Armadillo: A Program for Non-Real and Real Time Analysis of Musical Sounds
on the Power Macintosh
General Presentation
Timothy Madden and James Beauchamp
University of Illinois at Urbana-Champaign
Urbana, IL 61801 USA
May, 1998
The primary objective of Armadillo is to provide a convenient way to quickly analyze musical sounds on an inexpensive computer without the need for specialized hardware. The development of high speed computers with excellent graphics and high quality audio I/O for the general consumer in the last few years has made this possible. While a number of analysis programs are available on the Intel or Macintosh platforms, there are few that are dedicated to the analysis of musical sounds as Armadillo is.
Armadillo has several features that distinguish it from previous analysis programs:
1) It performs analysis in both real time and non-real time. In real time mode it operates on a signal produced by microphone or CD input. In non-real time mode it operates on either a pre-stored signal file or a pre-computed Analysis File.

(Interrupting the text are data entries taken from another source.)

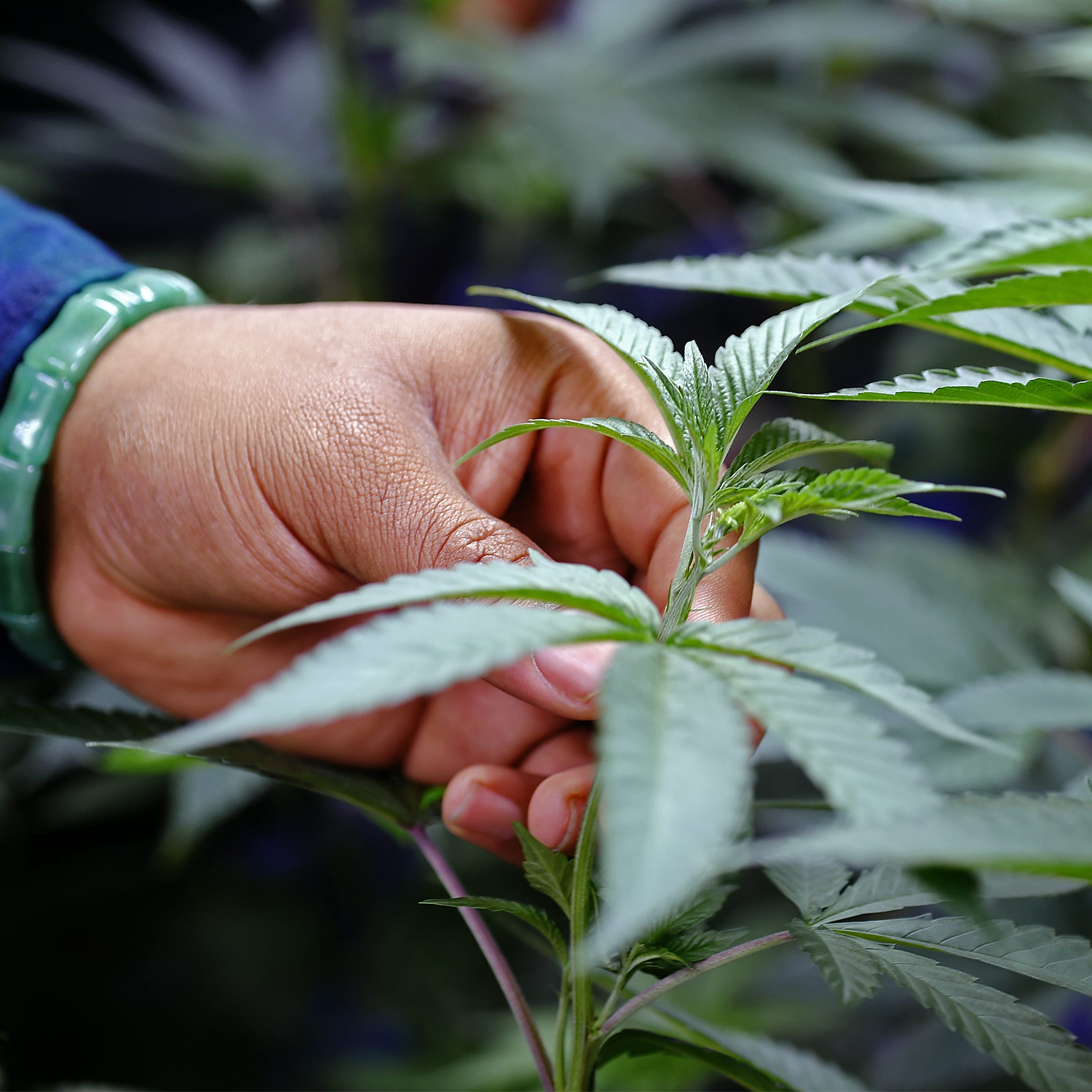 8th Wonder Cannabis Co., a research-based, craft-cannabis business founded in Ithaca. September 26, 2022.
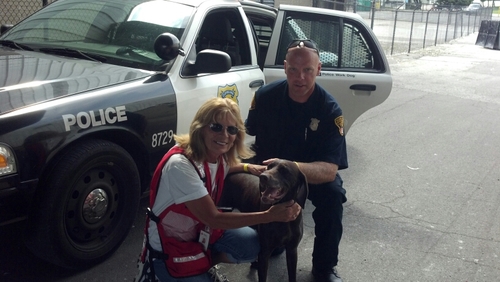 chantzdog's profile picture. 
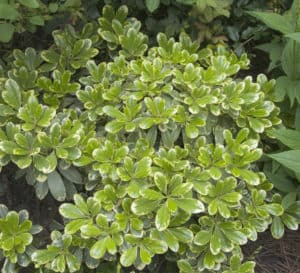 Mojo Pittosporum, light green evergreen leaves trimmed in cream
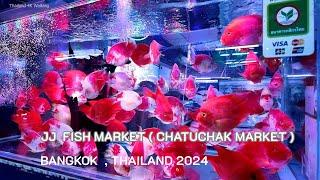 [4K HDR] JJ ( Chatuchak ) Fish Market on Wednesday , Before The Fire|Bangkok,Thailand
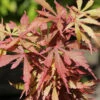Hochstamm Fächerahorn Jerre Schwartz 60-80cm - Acer Palmatum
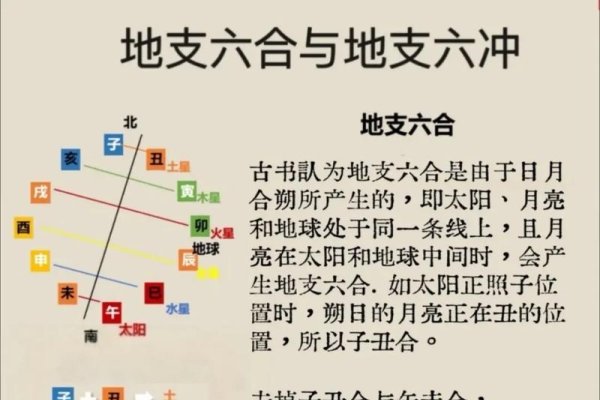 六合大全地支知识解读-新乐天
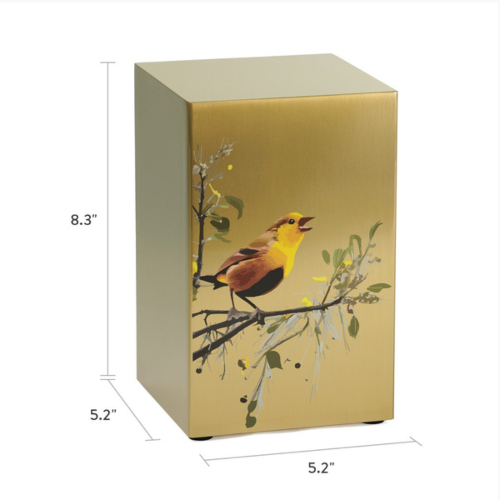 Life Canvas Birds Bronze urn displayed alone, with dimensions noted for size reference.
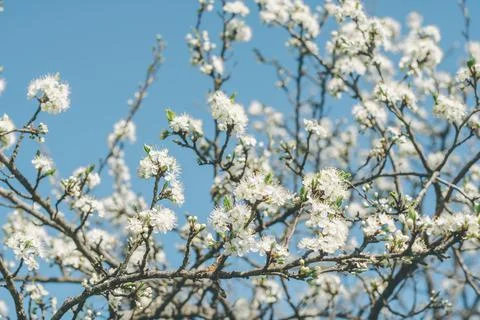 Blurred creative background of branches of apple tree in bloom, against blue  Stock Photos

2) Graphic display windows are provided for simultaneous viewing of the amplitude spectrum in a 1-D display (amplitude vs. frequency), a Waterfall Display (successive amplitude vs. frequency graphs), a 2-D display (frequency vs. time with amplitude depicted by color brightnes), and a 3-D display (amplitude vs. time at several frequencies) with each frequency component having a different color). In addition, a signal display window is provided.
3) The 1-D display can be rendered as a bar graph, which shows the individual harmonics most clearly, or as a series of connected line segments, which delineates the spectral envelope of the sound. This changes in time as the sound changes.
4) The vertical frequency axis of the 2-D display can be put in linear frequency mode (where frequencies are linearly spaced) or in logarithmic mode (where frequencies are logarithmically spaced). The data is adjusted vertically to correspond to the axis type.
5) The orientation of the 3-D display can be altered instantaneously by clicking the mouse on the display according to x, y position. The x position changes the horizontal rotation of the 3-D graph. The y position changes the elevation of the view of the 3-D graph. Also, the graph has true 3-D perspective for ease of visualization.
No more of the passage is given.